*EXERCISE GOAL*: Start at the first line below and write out everything verbatim except the pictures.
[MATERIAL PROVIDED]
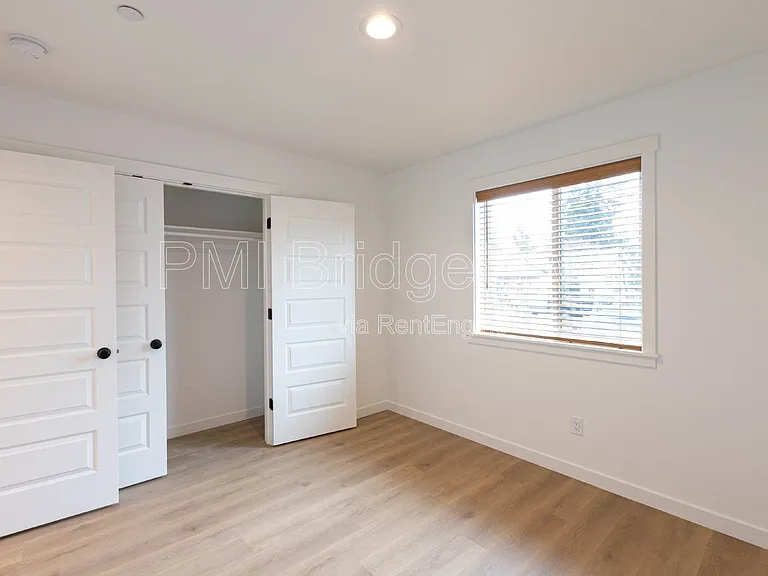 6506 SE 63rd Ave — Photo 17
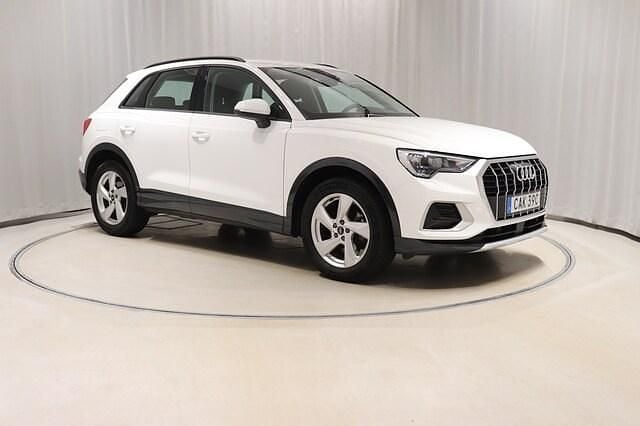 Begagnad Audi Q3 Advanced 150 HK (110 kW) 2023 Ibisvit SUV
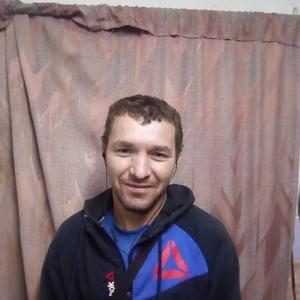 Александр, 39 лет, Свободный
[/MATERIAL PROVIDED]
*ANSWER BOX*:
 6506 SE 63rd Ave — Photo 17
 Begagnad Audi Q3 Advanced 150 HK (110 kW) 2023 Ibisvit SUV
 Александр, 39 лет, Свободный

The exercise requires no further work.